Look through the data below for the line with "DT【ロコシリーズ スプーン フォーク", and transcribe it exactly together with each line after it up to and including the line with "The Player Hides His Past ตอนที่ 51 หน้า 20". Give nothing else.

----------

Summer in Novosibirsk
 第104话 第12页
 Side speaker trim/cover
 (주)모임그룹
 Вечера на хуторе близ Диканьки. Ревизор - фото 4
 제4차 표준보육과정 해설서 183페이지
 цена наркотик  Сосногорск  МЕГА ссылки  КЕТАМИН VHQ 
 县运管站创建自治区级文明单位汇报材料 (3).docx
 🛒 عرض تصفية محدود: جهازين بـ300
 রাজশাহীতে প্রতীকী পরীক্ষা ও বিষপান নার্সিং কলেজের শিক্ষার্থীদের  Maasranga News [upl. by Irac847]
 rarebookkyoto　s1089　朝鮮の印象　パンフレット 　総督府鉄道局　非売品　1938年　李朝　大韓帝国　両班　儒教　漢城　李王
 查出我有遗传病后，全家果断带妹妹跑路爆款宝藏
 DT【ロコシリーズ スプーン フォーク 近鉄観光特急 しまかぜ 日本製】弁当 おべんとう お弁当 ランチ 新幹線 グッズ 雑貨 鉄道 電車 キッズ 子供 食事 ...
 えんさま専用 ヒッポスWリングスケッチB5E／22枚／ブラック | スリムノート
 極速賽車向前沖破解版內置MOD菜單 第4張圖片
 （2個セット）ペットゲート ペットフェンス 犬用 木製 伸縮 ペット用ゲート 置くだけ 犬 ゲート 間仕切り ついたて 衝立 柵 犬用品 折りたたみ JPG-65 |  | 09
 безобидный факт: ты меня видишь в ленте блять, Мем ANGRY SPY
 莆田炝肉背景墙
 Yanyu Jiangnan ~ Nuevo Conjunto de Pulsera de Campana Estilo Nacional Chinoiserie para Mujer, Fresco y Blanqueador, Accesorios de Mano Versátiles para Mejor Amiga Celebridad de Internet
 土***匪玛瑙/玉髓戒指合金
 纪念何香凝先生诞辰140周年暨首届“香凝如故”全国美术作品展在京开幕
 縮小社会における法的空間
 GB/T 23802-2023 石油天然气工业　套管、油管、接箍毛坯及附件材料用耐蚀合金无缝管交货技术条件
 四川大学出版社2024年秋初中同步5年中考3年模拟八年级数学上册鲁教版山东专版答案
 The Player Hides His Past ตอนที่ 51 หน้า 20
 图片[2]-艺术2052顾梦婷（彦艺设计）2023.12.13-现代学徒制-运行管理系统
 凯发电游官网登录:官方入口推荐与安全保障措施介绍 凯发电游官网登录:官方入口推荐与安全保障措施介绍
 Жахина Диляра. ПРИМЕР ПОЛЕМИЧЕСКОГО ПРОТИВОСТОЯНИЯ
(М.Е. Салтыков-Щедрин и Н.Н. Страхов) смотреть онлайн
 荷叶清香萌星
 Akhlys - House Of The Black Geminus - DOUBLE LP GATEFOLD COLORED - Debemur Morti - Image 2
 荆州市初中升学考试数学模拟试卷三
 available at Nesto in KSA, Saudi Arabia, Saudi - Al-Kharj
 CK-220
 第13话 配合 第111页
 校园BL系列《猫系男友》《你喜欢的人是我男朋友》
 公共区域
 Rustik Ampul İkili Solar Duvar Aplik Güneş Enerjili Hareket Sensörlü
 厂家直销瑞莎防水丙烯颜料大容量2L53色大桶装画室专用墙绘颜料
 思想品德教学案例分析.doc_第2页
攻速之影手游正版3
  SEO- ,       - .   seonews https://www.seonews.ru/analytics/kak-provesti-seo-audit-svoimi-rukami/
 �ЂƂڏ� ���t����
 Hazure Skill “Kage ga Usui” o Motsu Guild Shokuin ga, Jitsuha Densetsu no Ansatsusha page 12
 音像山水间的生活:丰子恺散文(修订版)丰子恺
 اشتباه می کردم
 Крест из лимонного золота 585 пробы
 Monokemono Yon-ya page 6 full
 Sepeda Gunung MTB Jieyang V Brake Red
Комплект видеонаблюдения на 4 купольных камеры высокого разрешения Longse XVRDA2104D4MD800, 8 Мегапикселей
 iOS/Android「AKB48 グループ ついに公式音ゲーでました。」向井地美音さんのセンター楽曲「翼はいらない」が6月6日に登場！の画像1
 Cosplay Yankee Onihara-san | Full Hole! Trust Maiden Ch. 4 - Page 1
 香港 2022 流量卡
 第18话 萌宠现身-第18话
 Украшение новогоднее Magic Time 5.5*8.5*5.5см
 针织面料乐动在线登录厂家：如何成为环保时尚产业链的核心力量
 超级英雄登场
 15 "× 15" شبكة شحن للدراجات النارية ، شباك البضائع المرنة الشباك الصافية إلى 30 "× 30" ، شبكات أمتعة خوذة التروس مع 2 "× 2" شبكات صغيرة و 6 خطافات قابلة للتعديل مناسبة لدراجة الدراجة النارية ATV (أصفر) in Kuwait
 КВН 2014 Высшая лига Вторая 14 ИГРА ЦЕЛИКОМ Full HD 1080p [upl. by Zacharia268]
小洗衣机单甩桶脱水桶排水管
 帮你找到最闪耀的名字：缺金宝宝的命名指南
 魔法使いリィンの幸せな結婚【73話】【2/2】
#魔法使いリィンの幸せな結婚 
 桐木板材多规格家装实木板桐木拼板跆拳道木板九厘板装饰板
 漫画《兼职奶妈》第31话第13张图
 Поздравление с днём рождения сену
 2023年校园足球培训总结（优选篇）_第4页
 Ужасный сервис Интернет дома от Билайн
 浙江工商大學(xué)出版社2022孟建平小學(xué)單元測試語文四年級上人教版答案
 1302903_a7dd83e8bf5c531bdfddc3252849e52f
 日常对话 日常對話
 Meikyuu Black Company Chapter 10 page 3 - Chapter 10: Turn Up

----------

**Response area**
 DT【ロコシリーズ スプーン フォーク 近鉄観光特急 しまかぜ 日本製】弁当 おべんとう お弁当 ランチ 新幹線 グッズ 雑貨 鉄道 電車 キッズ 子供 食事 ...
 えんさま専用 ヒッポスWリングスケッチB5E／22枚／ブラック | スリムノート
 極速賽車向前沖破解版內置MOD菜單 第4張圖片
 （2個セット）ペットゲート ペットフェンス 犬用 木製 伸縮 ペット用ゲート 置くだけ 犬 ゲート 間仕切り ついたて 衝立 柵 犬用品 折りたたみ JPG-65 |  | 09
 безобидный факт: ты меня видишь в ленте блять, Мем ANGRY SPY
 莆田炝肉背景墙
 Yanyu Jiangnan ~ Nuevo Conjunto de Pulsera de Campana Estilo Nacional Chinoiserie para Mujer, Fresco y Blanqueador, Accesorios de Mano Versátiles para Mejor Amiga Celebridad de Internet
 土***匪玛瑙/玉髓戒指合金
 纪念何香凝先生诞辰140周年暨首届“香凝如故”全国美术作品展在京开幕
 縮小社会における法的空間
 GB/T 23802-2023 石油天然气工业　套管、油管、接箍毛坯及附件材料用耐蚀合金无缝管交货技术条件
 四川大学出版社2024年秋初中同步5年中考3年模拟八年级数学上册鲁教版山东专版答案
 The Player Hides His Past ตอนที่ 51 หน้า 20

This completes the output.